Monday, October 13, 2014

Introduction to Apache Hadoop and It's Components

Overview:

 In this course, you will learn more about Apache Hadoop, its different components, design considerations behind building this platform, how this platform handle fault-tolerance, important configuration files, types of Hadoop clusters and best practises followed during implementations.

Objective:

  • Describe Apache Hadoop and its main components.
  • Recognize five main design considerations for any distributed plateform.
  • Identify the services responsible for HDFS and MapReduce functionality.
  • Identify the way Hadoop offers fault-tolerance for HDFS and MapReduce.
  • Identify five important Hadoop Services.
  • Describe the process by which Hadoop breaks the files in chunks and replicates them across the cluster.
  • List important port numbers.
  • Discuss Yet Another Resource Negotiator (YARN).
  • Identify the best practices to be followed while designing a Hadoop Cluster.

Do you Know

  • Hadoop breaks one large file into multiple chunk of 64MB and replicates them across the cluster.
  • Hadoop can also be used as a storage platform. 
  • Hadoop cab handle failure of multiple machines without disrupting a running job.
  • You can configure your hadoop Cluster to use either MRv1.0 or MRv2.0 and also have a choice of selecting a different scheduler based on your requirements.
  • You can run entire Hadoop cluster on a single machine.
  • Hadoop clusters running on a set of physical machines perform better than on the the set of virtual machines.

What is Apache Hadoop:

  • Apache Hadoop is an open-source software framework that supports data-intensive distributed applicaitons. 
  • It enables applications to work with thousands of computational independent computers and petabyte of data.
  • Hadoop was derived from Google's MapReduce and Google File System(GFS) papers.
  • It is written in Java and licensed under Apache V2 licence.
  • Hadoop = HDFS(Storage) + Map Reduce(Process)
    Map Reduce: Distributed Programming Framework.
    HDFS: Hadoop Distributed File System

Hadoop - Where does it sit:

Hadoop is Java bases framework for large processing distributed across thousands of nodes.
Hadoop sits right on the top of native operating systems like Linux but it also possible on Microsoft platform using hooten distributed system. 
It consist of two main component namely, MapReduces which manages the processing requirement and HDFS (Hadoop Distributed File System), it handle storage requirement.

Hadoop Design Consideration

  • A distributed platform for data intensive processing.
  • Platform which can scale linearly.
  • Security is not a prime consideration.
  • Built-in Fault-Tolerance for storage and processing
  • Availability for sufficient local storage
  • Write once Read Many (WORM)
  • Large streaming Reads
  • Hadoop is Rack-Aware
  • Nodes are bound to fail.

Distributed Platform Capabilities

Hadoop is designed considering Distributed requirement in mind.
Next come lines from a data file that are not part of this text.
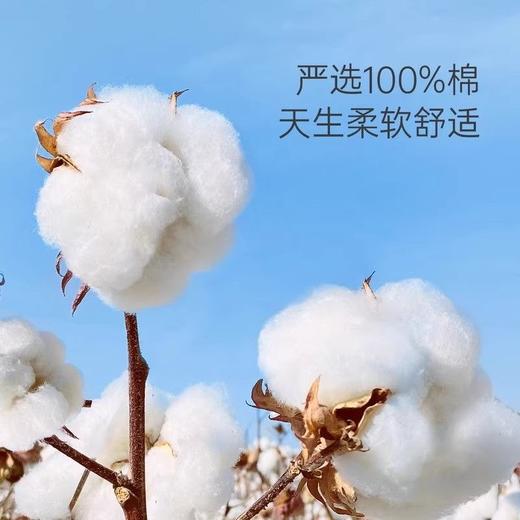 子初 婴儿泡泡棉纱方巾（纯色3条装）6层 30*30cm 商品图1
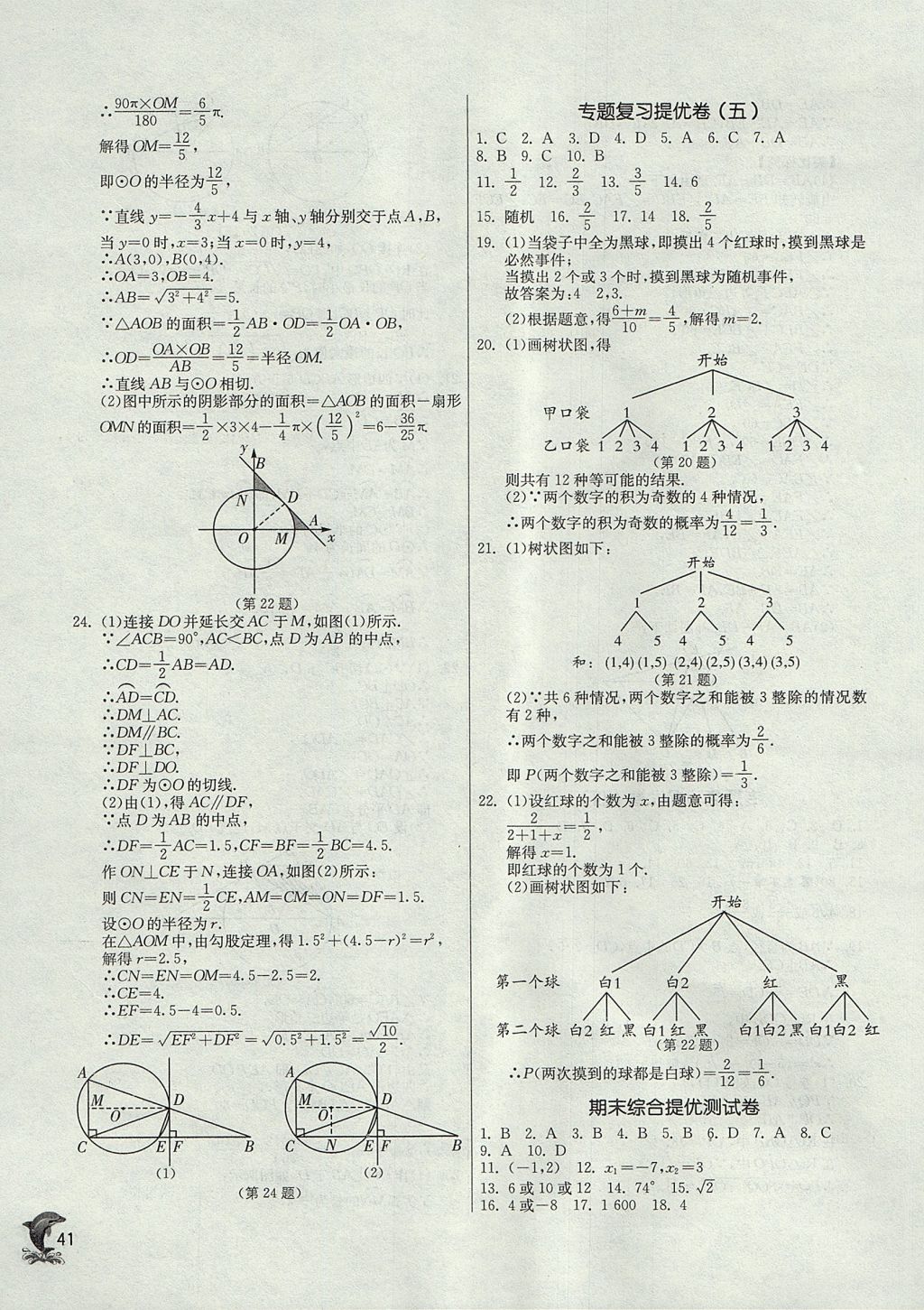 2017年實(shí)驗(yàn)班提優(yōu)訓(xùn)練九年級(jí)數(shù)學(xué)上冊(cè)天津?qū)０?nbsp;參考答案第41頁(yè)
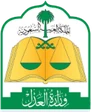 وزارة العدل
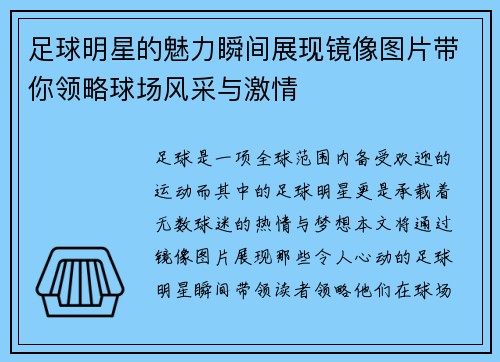 足球明星的魅力瞬间展现镜像图片带你领略球场风采与激情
Different Type of Capabilities are: Automatic, Graceful, Recoverable and consistent.
  1. Automatic: No manual intervention is required in the system and a failed task is automatically reschedules.
  2. Transparent: Failed task automatically moved to another node.
  3. Graceful: Failure of one or more task does not impact the whole job.
  4. Recoverable: Node can re-join the cluster once recovered from the failure.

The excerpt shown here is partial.